En la introducción del texto, el autor señala que, en 1980, el P. Pedro Arrupe, entonces Superior General de la Compañía de Jesús, al observar la situación de la educación en el mundo y el modo cómo los jesuitas la estaban realizando, convocó a un pequeño grupo de jesuitas, expertos en educación, para iniciar un proyecto de renovación y actualización, que respondiera a dos premisas. La primera: inspirar el quehacer educativo desde las fuentes de la espiritualidad ignaciana. La segunda: que las instituciones educativas y los principios que las inspiraran, respondan a las exigencias de la actualidad y al contexto de la época. Seis años después, fruto de un largo y competente esfuerzo nace el documento “Características de la educación de la Compañía de Jesús” (1986). Como consecuencia de las propuestas de dicho documento y para aplicarlas al quehacer cotidiano en las aulas y con el trabajo de otros jesuitas más, en 1993 apareció un nuevo documento, llamado “Pedagogía Ignaciana. Un planteamiento práctico”, que recoge los rasgos más importantes del llamado ahí mismo “Paradigma de la Pedagogía Ignaciana (PPI). El planteamiento práctico propone muchas estrategias pedagógicas, destacando entre ellas la de incorporar al proceso educativo, para el acceso a la realidad, a la reflexión y a la intervención en ella, cinco pasos dinámicos característicos de la espiritualidad ignaciana.
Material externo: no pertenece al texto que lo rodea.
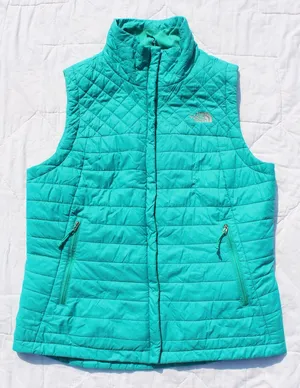 The North Face Vest Women's Large Puffer Quilted Green Blue thumbnail 1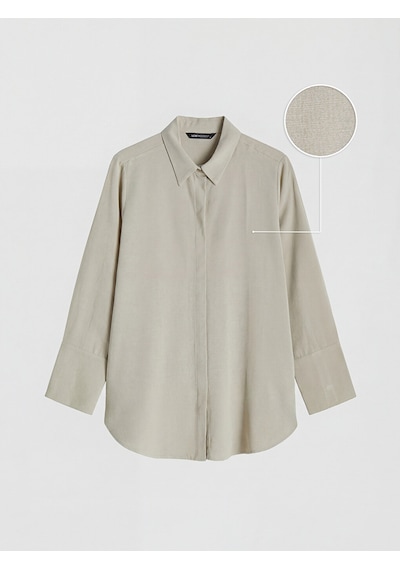 Lcw Modest Bej Oversize Keten Karışımlı Kadın Gömlek Tunik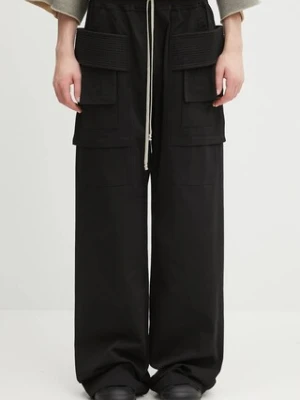 Rick Owens DRKSHDW spodnie bawełniane Creatch Wide Cargo Drawstring męskie kolor czarny proste DU02E7394.TW
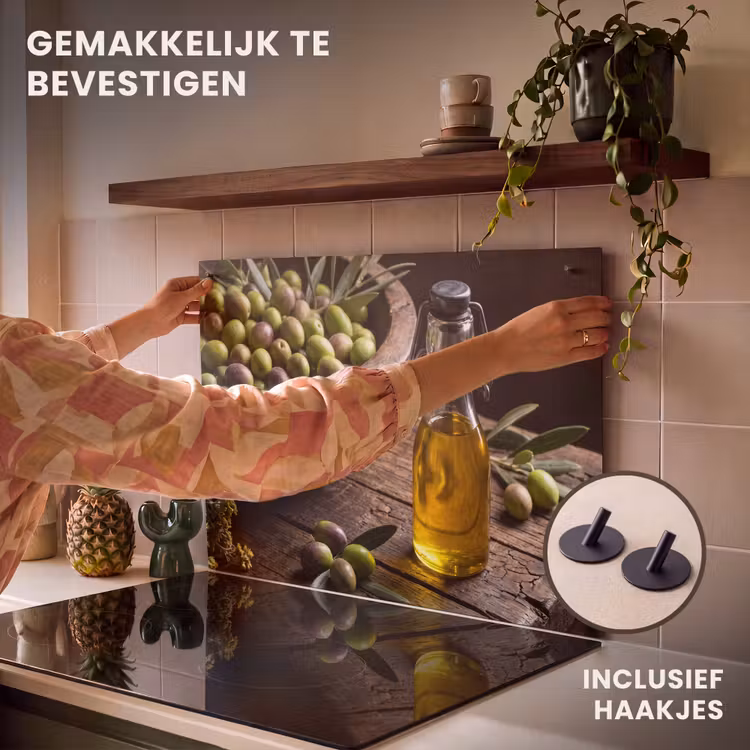 Inductie beschermer en spatscherm (2in1) - Olijven - Eten - Rustiek — 7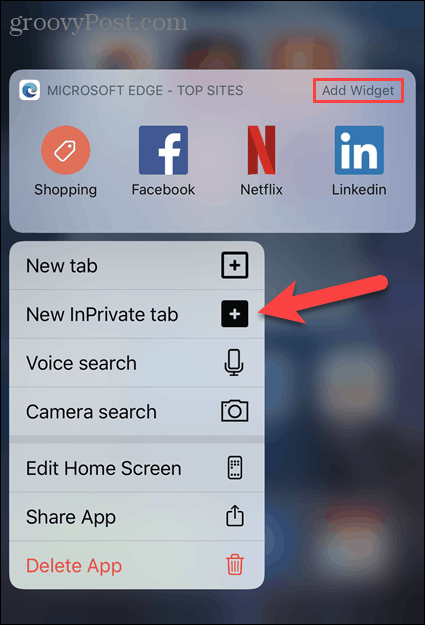 Valitse Uusi InPrivate-välilehti Edge-kuvakkeesta iOS: ssä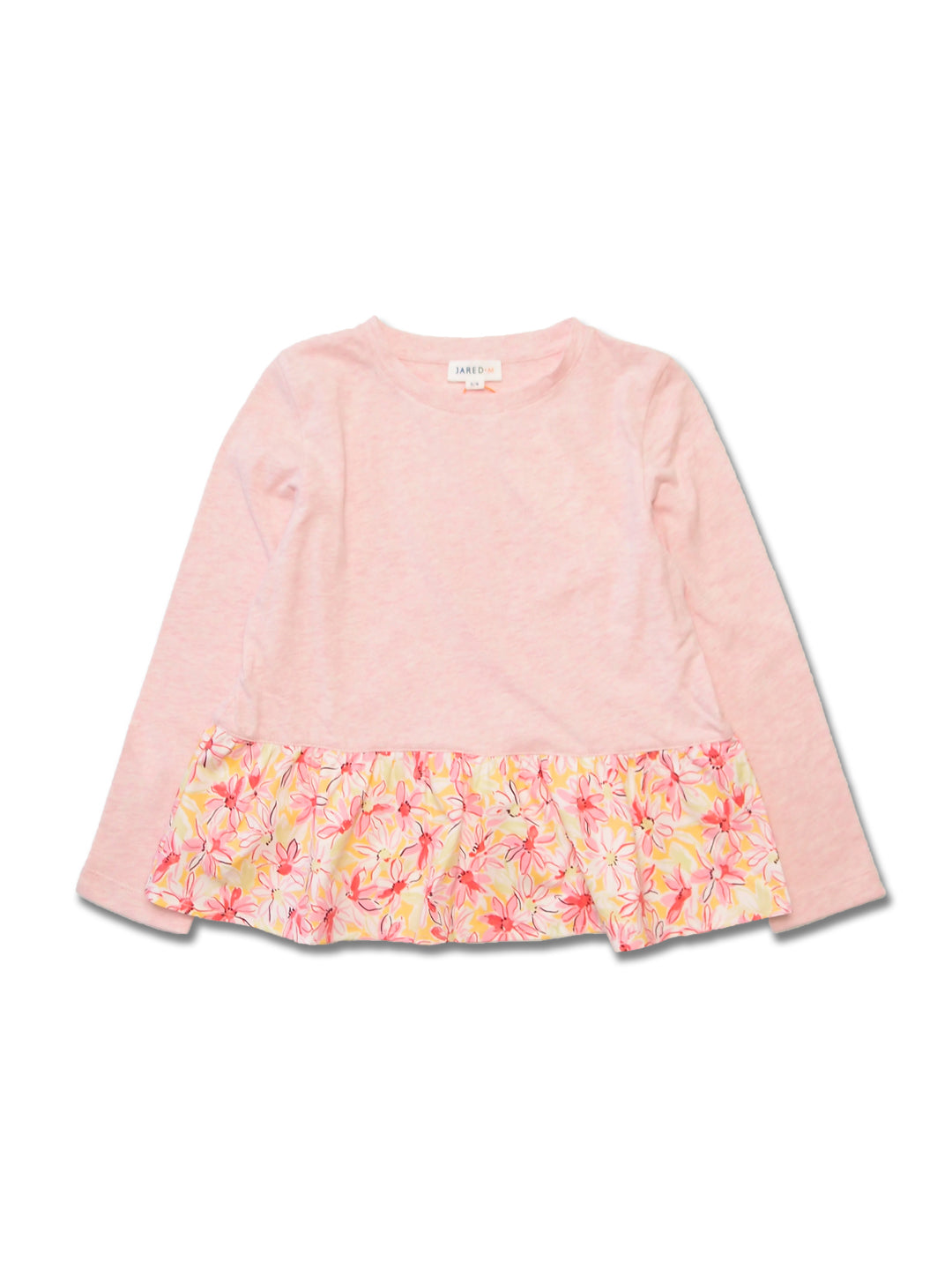Girl LS Crew Top with Contrast Ruffle - My Little J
Ignacio de Loyola, en sus famosos “Ejercicios Espirituales” pide al ejercitante, que inicie el proceso para el conocimiento, la comprensión y el compromiso, contextualizando a las personas y los hechos que va a contemplar y conocer. Después del “contexto”, y sucesivamente, el ejercitante debe pasar por la “experiencia”, la “reflexión”, la definición, decisión y realización de la “acción” para, finalmente, someterlo todo -los objetivos, los pasos y el proceso- a una paciente y profunda “evaluación”.
Señala también que este ensayo pretende contribuir a desarrollar y profundizar el primero de los pasos: el “contexto”. Para ello inicia el tema estudiando el concepto de contexto, qué es y en qué se diferencia de los diversos sinónimos que frecuentemente se usan. Pero, también, dedicará algún tiempo y espacio a recoger algunos argumentos que expliciten por qué se estudia el contexto.
Además, aborda el tema de la pedagogía ignaciana bajo los siguientes aspectos: I. El concepto de "contexto" y sus sinónimos. II. Se hace la pregunta de Por qué estudiamos el contexto? y la desarrolla; continúa escribiendo sobre III. El contexto en el documento “Las características de la educación de la Compañía de Jesús”. Continúa con el tema IV. El contexto en el modelo ignaciano de educación (PPI) , avanza a V. El contexto de los Ejercicios Espirituales de san Ignacio de Loyola; toca el tema VI. Antología de contextos y, así, continúa hasta presentar sus conclusiones.